They "make energy seem unnecessary" say Heather Kappes and Gabriele Oettingen.  "By allowing people to consummate a desired future", the researchers explain, positive fantasies trigger the relaxation that would normally accompany actual achievement, rather than marshaling the energy needed to obtain it.

The researchers demonstrated this process across four studies. The first was the least convincing and read like a throwback to the 1960s. Women who were asked to fantasise positively about looking and feeling good in high-heeled shoes subsequently demonstrated lower energy, as revealed by their having lowing blood pressure, than did women asked to fantasise more critically about the pros and cons of wearing trendy, high-heeled shoes.

The research improved.
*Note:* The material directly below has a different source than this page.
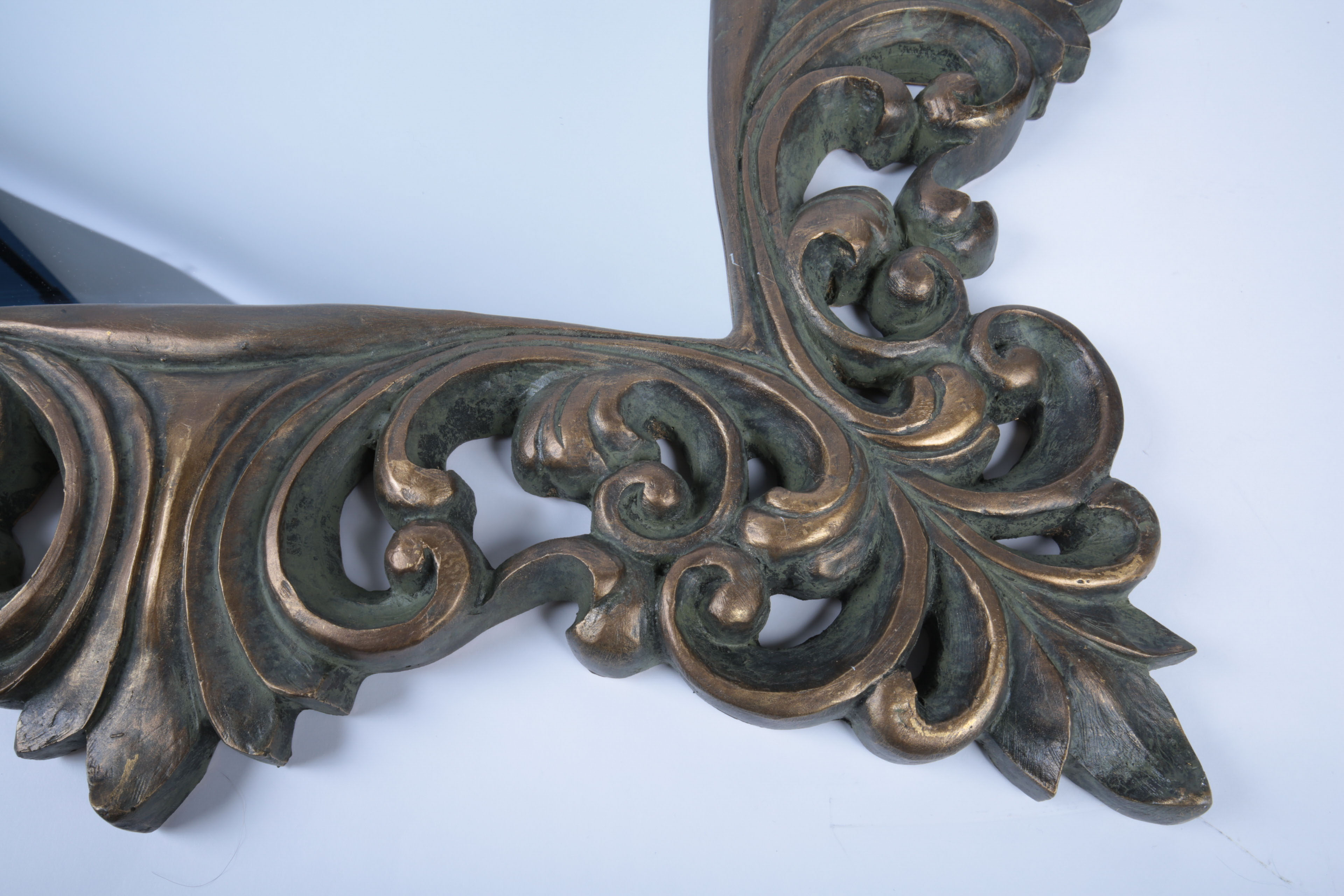 Collection of Ornate Black and Gold Tone Decor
In the second study, participants asked to fantasise positively about winning an essay contest subsequently reported feeling less energised than did participants asked to fantasise more negatively about their prospects.

Next, a positive fantasy about the coming week led participants to feel less energised, and when surveyed a week later, they'd achieved fewer of their week's goals, than had control participants who'd originally been asked to day-dream freely about the coming week.

Finally, Kappes and Oettingen highlighted the role of context, showing that positive fantasies about a pressing need are particularly de-energising. This elaborate study involved asking student participants to refrain from food and water for several hours, and then having some of them eat crackers (ostensibly as part of a taste test). For these super-thirsty participants it was a positive fantasy about a tall glass of icy water, not a fantasy about exam success, that led them to be de-energised (as indicated by a drop in blood pressure). For participants allowed to have a glass of water, by contrast, it was positive fantasies about exam success, not water, that led to them being de-energised.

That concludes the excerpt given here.